By Kira Pyne, AU SPA ’20
I have spent the past two months studying abroad in Copenhagen, Denmark at the Danish Institute for Study Abroad (DIS), focusing on terrorism and counterterrorism from a European perspective. Classes at DIS focus on learning outside of the classroom, and my terrorism course took a week-long study tour around Western Denmark learning about how Denmark works to prevent terrorism and radicalization.
Something that is important to understand about Denmark: It is a racially and culturally homogeneous society. I try not to stereotype, but it’s hard to not see that everyone whizzing by me on bicycles is blonde, tall, and dressed all in black.
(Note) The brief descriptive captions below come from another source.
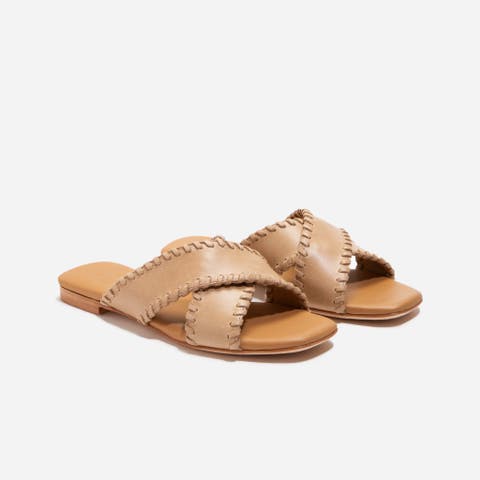 Catalina Sandal Whipstitch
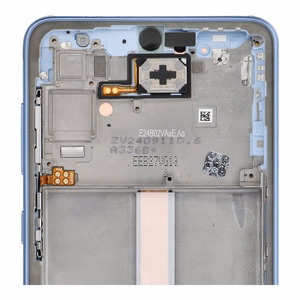 ServicePack LCD ekraan SAMSUNG A33 5G A336B GH82-28143C sinine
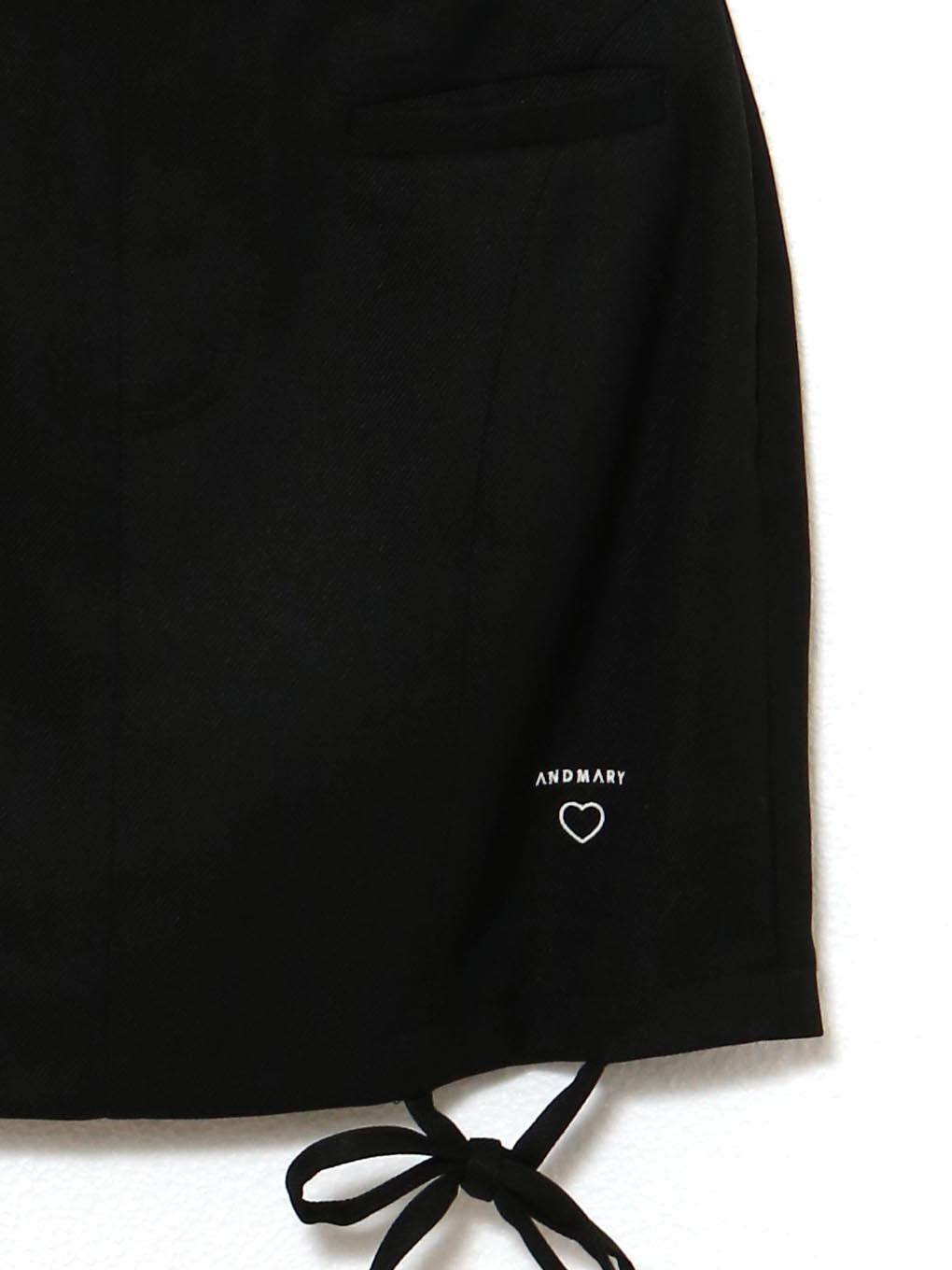 Donna ribbon skirt set up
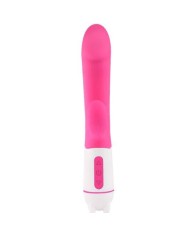 ARMONY HAPPY VIBRADOR ESTIMULADOR RECARGABLE FUCSIA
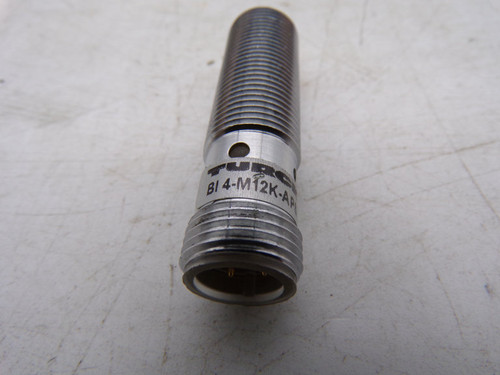 TURCK BI4-M12K-AP6X-H1141 SENSOR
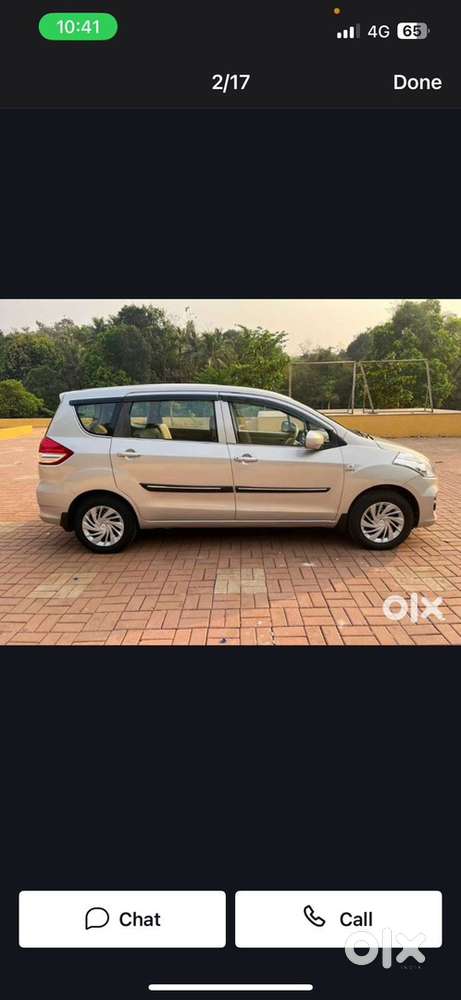 Maruti Suzuki Ertiga 2014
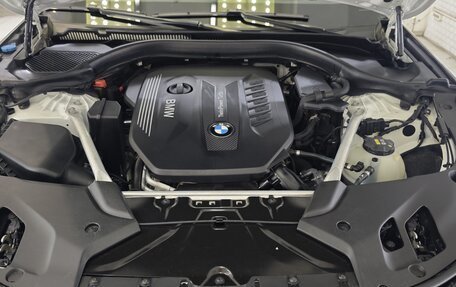 BMW 5 серия, 2019 год, 4 450 000 рублей, 21 фотография
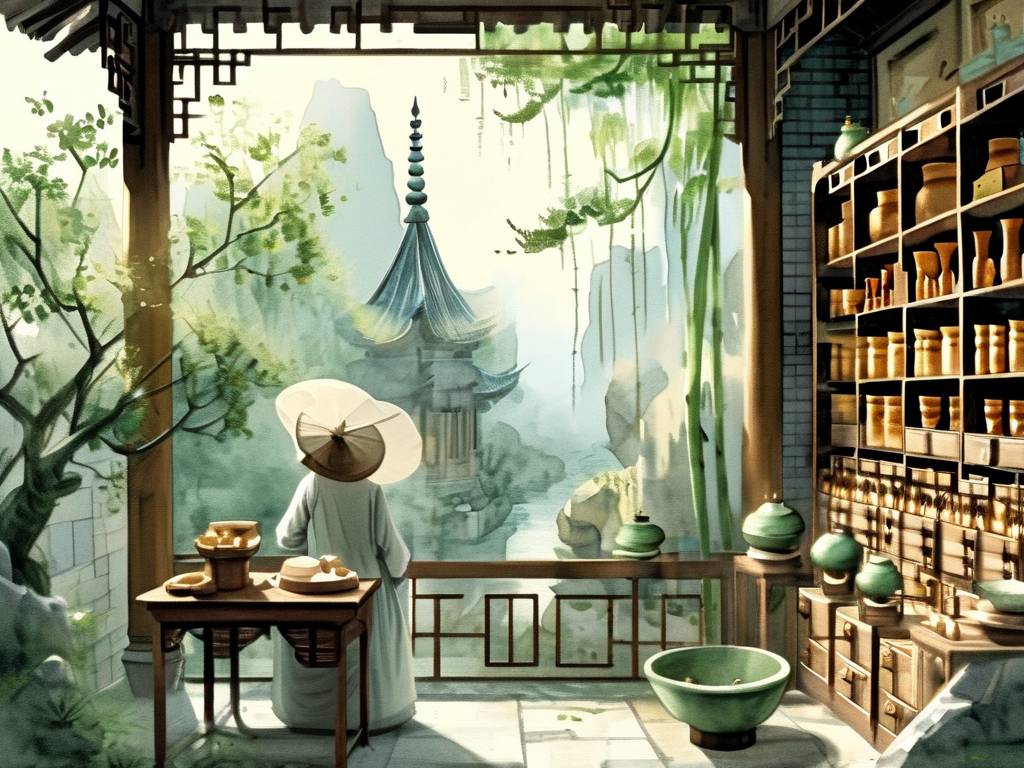 中医养生图片大全大图 背景图片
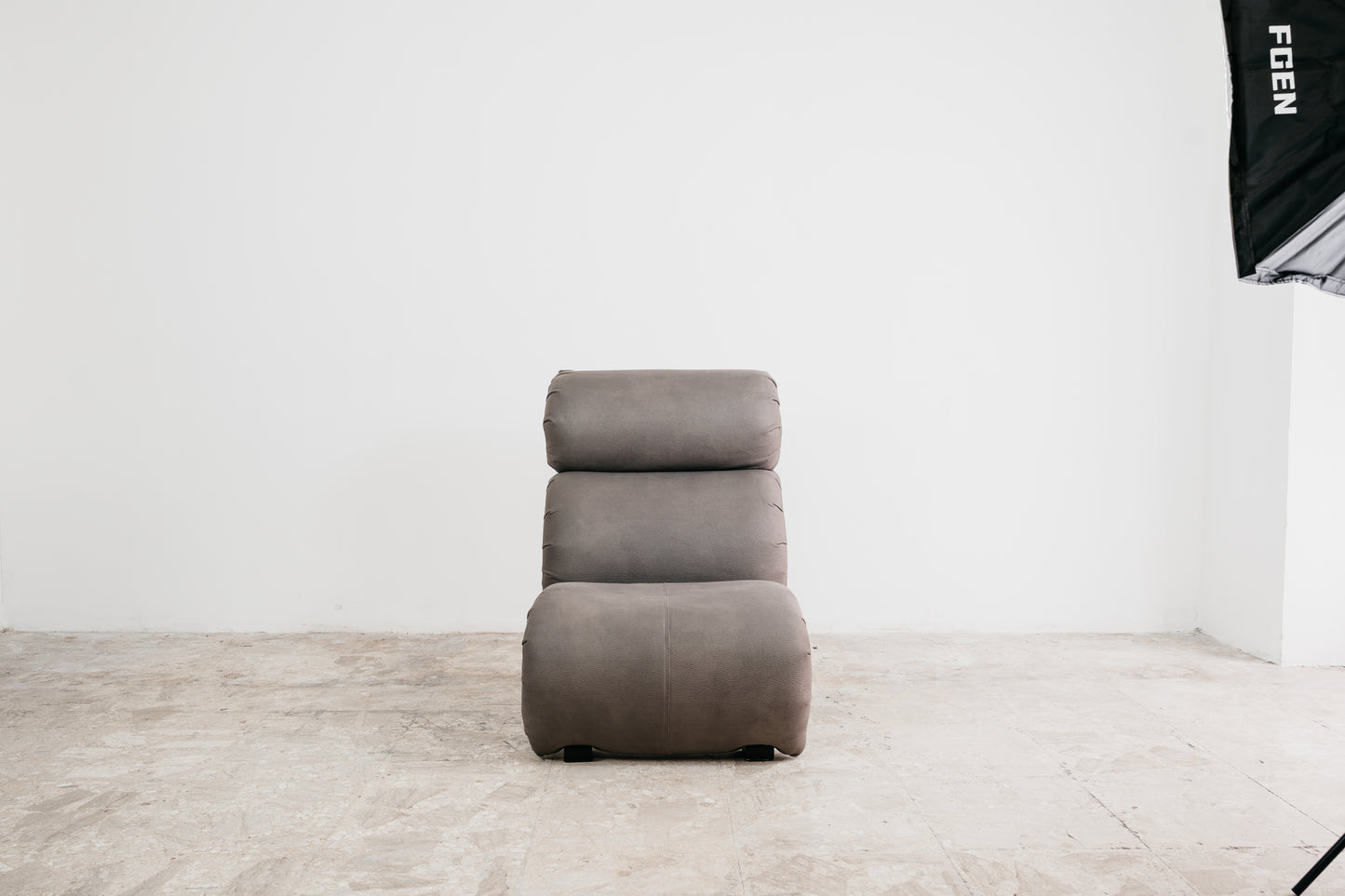 Poltrona Waves Design Anni 80 Vintage Modernariato 1970’s Lounge Chair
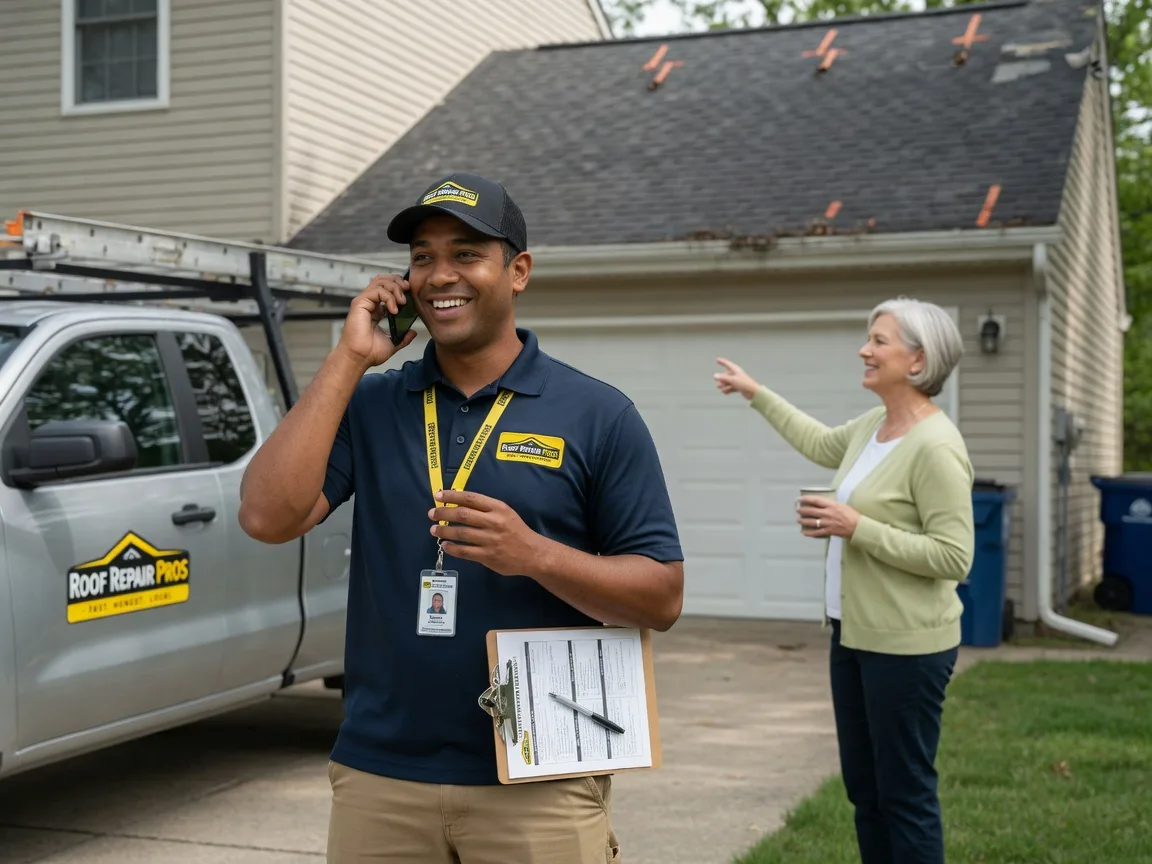 Roof Repair Macksburg, IA FAQs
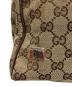 中古・古着 GUCCI (グッチ) シェリーラインGG柄トートバッグ ベージュ：16000円
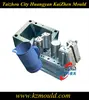 Pretty and customized design injection plastic water jug mould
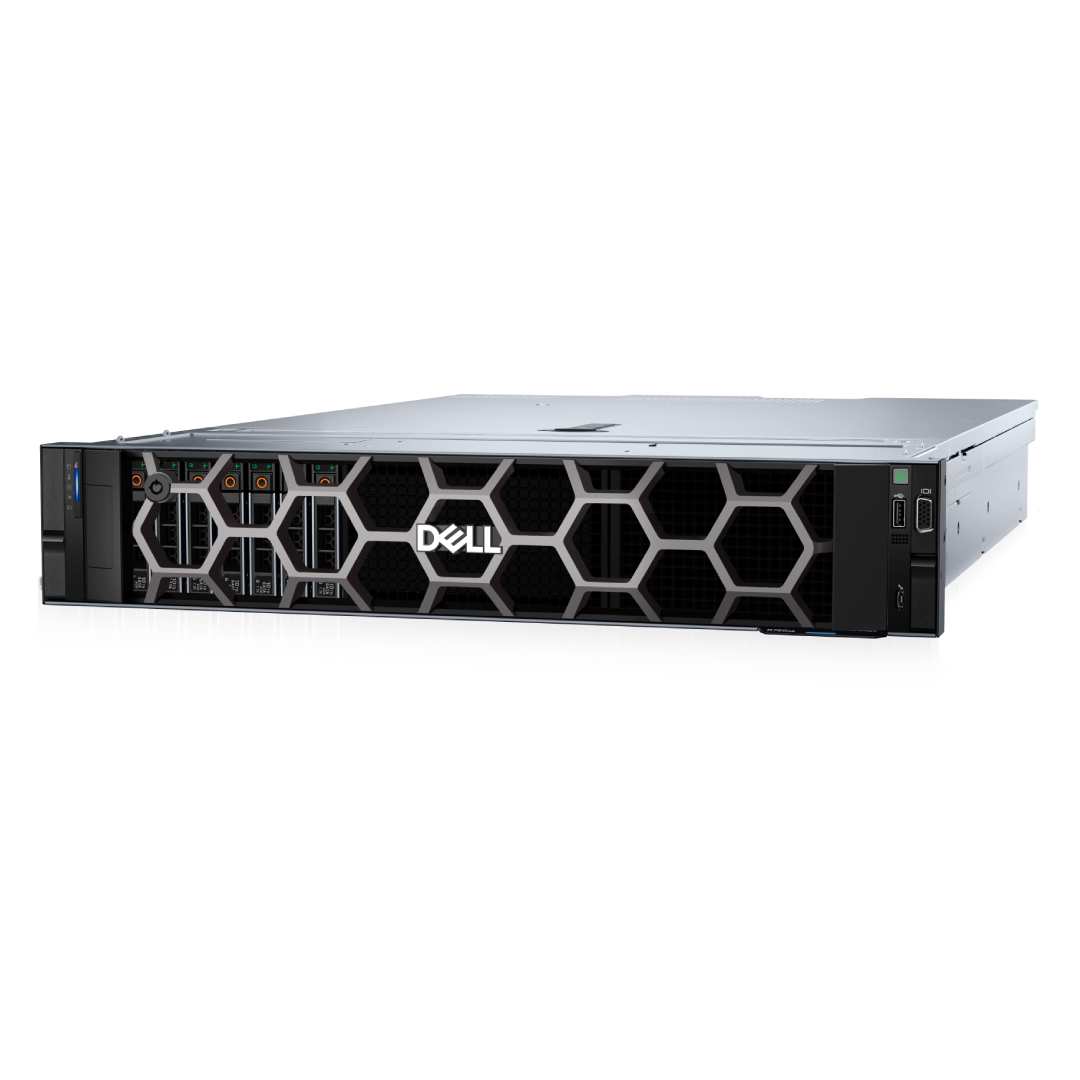 PowerEdge R760XS 2x Xeon Gold 6526Y/ 64GB RAM/ DDR5 HDD 2TB/ 3 Yrs PSP MC4 R760XS/ FY25Q3G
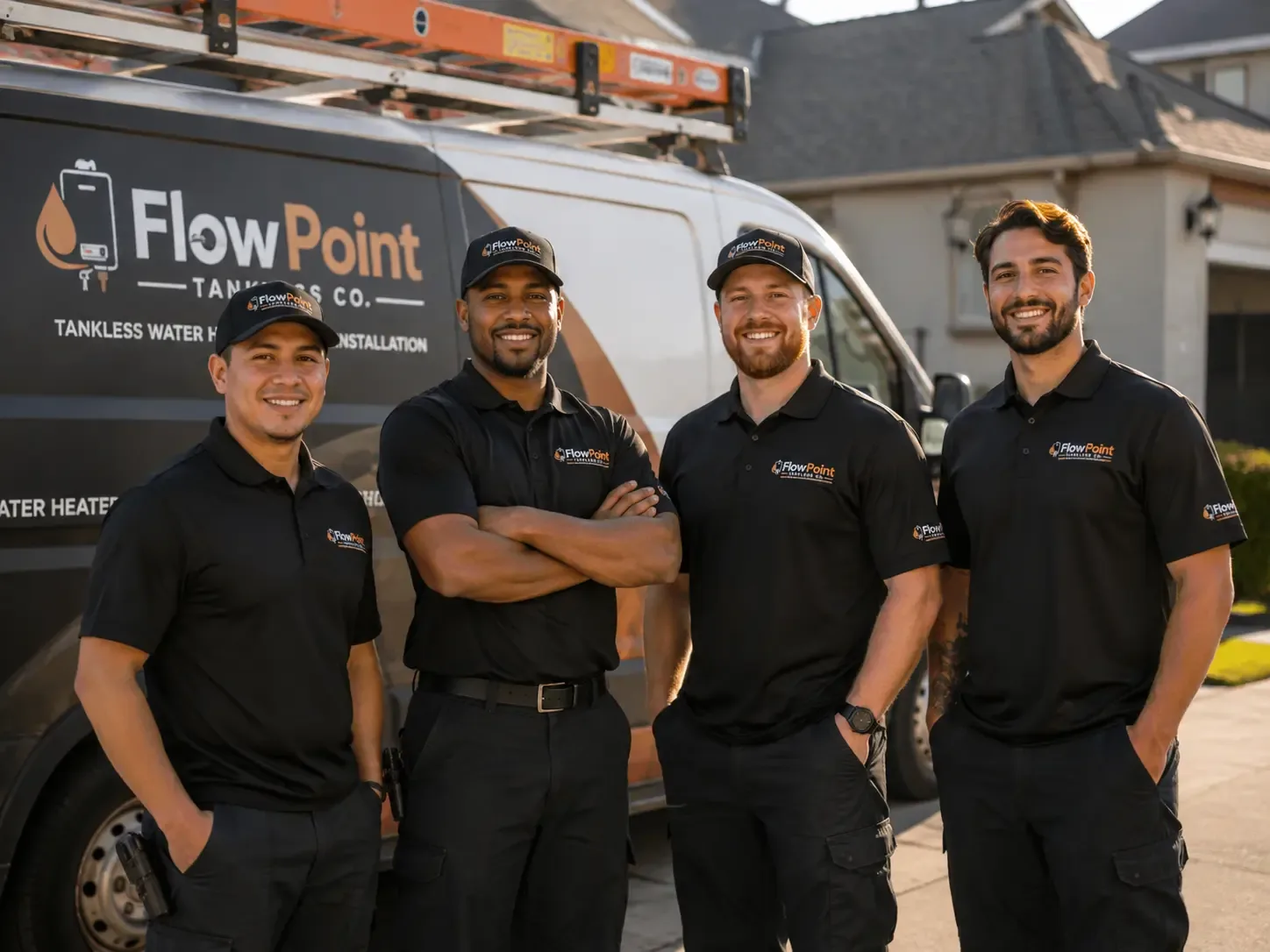 Tankless Water Heater Installation company in Mountain, WI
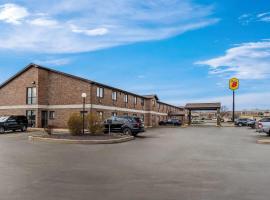 Super 8 by Wyndham Farmington, Hotel in Farmington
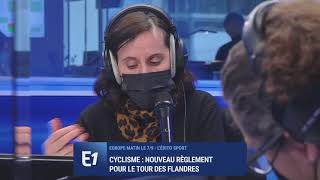 Tour de Flandres : on est en train d’opposer l’écologie et le cyclisme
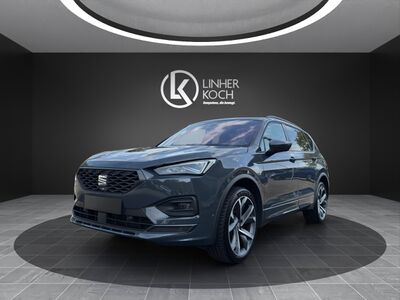 Seat Tarraco Gebrauchtwagen Seat Tarraco Gebrauchtwagen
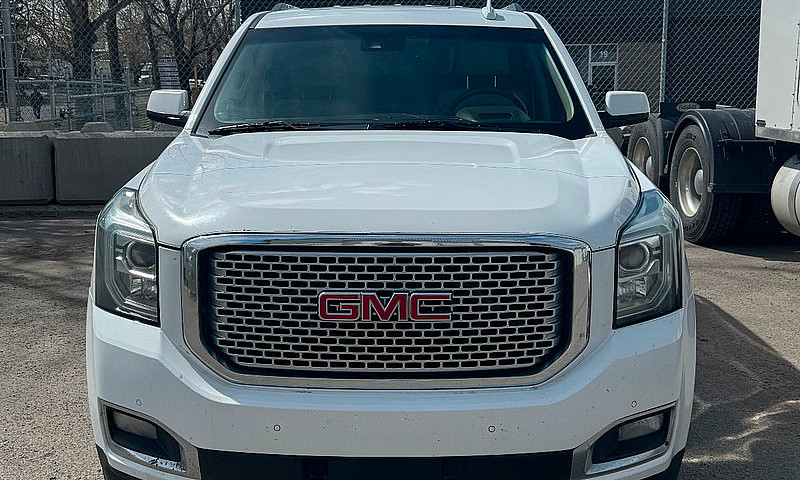 2016 Gmc Yukon Denal...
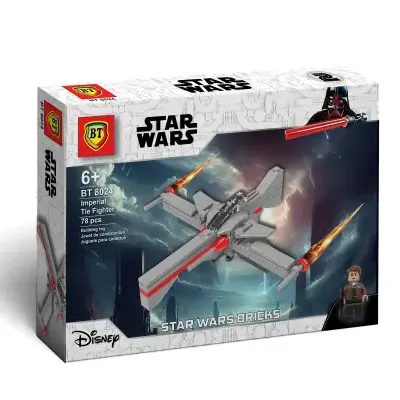 ساختنی استار وارز 2 STARWARS BT8024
As a society that pays over half of its income in taxes to the government, Danes have to have similar values and beliefs about how their government should work and use their money. Denmark is consistently ranked as one of the happiest countries in the world. The Danes that I’ve met and talked with seem to be very satisfied with their quality of life and their government.
A topic that is frequently brought up in my classes is Denmark’s views on immigration. We read over a policy about immigration that essentially said Denmark was going to work as hard as it could to strictly limit immigration and keep refugees out of the country. Two of my professors explained that this was because many people want to keep Denmark as, well, Danishas possible. This article can provide more insight into the subject.
These views on immigration were certainly in the back of my mind when my terrorism class arrived at a mosque for our study tour. We were fortunate enough to be able to speak with the Imam, an official who will lead prayers, and two other male members of the mosque. My professor encouraged us to ask provocative questions and get as much of an understanding as possible on their views on religion, assimilation, and life in Denmark. To say that my classmates took this seriously was an understatement.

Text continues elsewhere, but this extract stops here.